» WORK ITEM
Without changing a word, return the listing below, minus its images.

» SUPPLIED ENTRIES
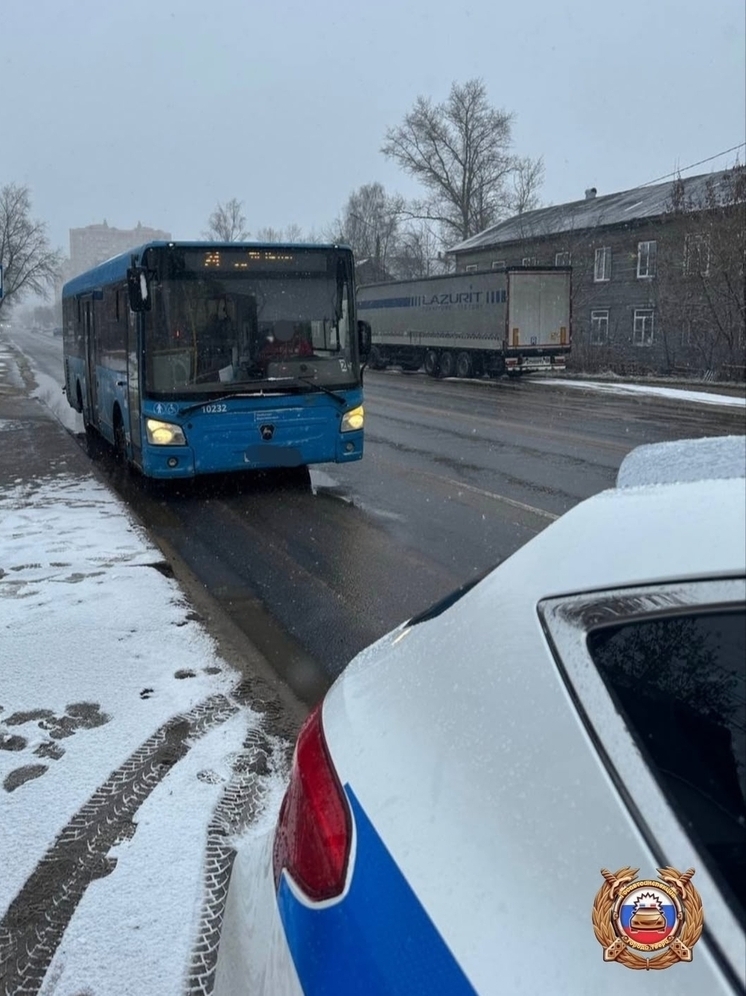 В Твери инспекторы проверяли автобусы и водителей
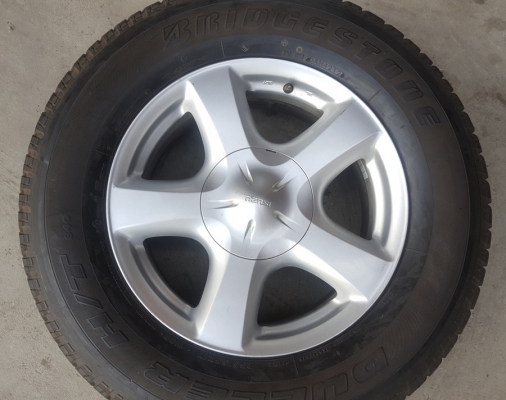 ขายล้อISUZU V Cross17 ยาง255/65/17 ปี12 4 ล้อ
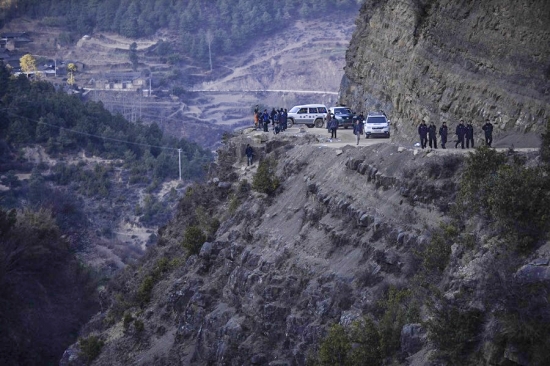 祿勸縣車禍原因路面結冰七座面包車超載側翻墜崖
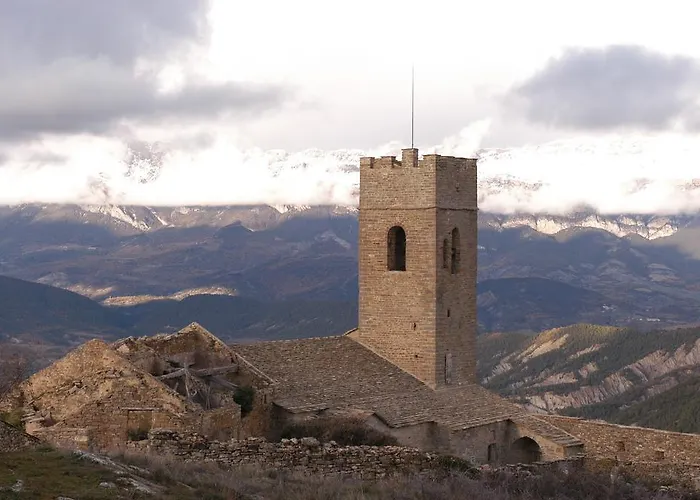 Country house Casa De Alujan Tierrantona
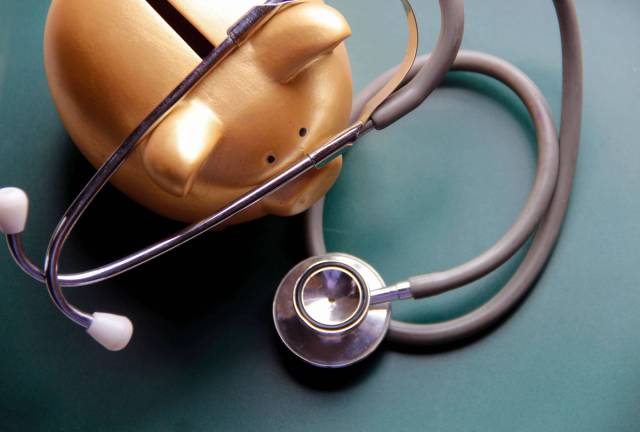Qu’est-ce que la prime d’assurance santé et pourquoi augmente-t-elle ?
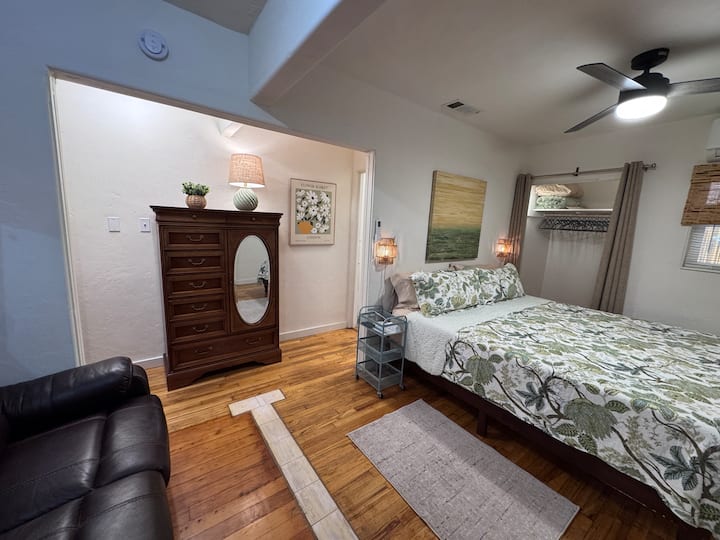 Prime Downtown Studio Location Near Everything - Modesto, CA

» EXPECTED ANSWER
 В Твери инспекторы проверяли автобусы и водителей
 ขายล้อISUZU V Cross17 ยาง255/65/17 ปี12 4 ล้อ
 祿勸縣車禍原因路面結冰七座面包車超載側翻墜崖
 Country house Casa De Alujan Tierrantona
Qu’est-ce que la prime d’assurance santé et pourquoi augmente-t-elle ?
 Prime Downtown Studio Location Near Everything - Modesto, CA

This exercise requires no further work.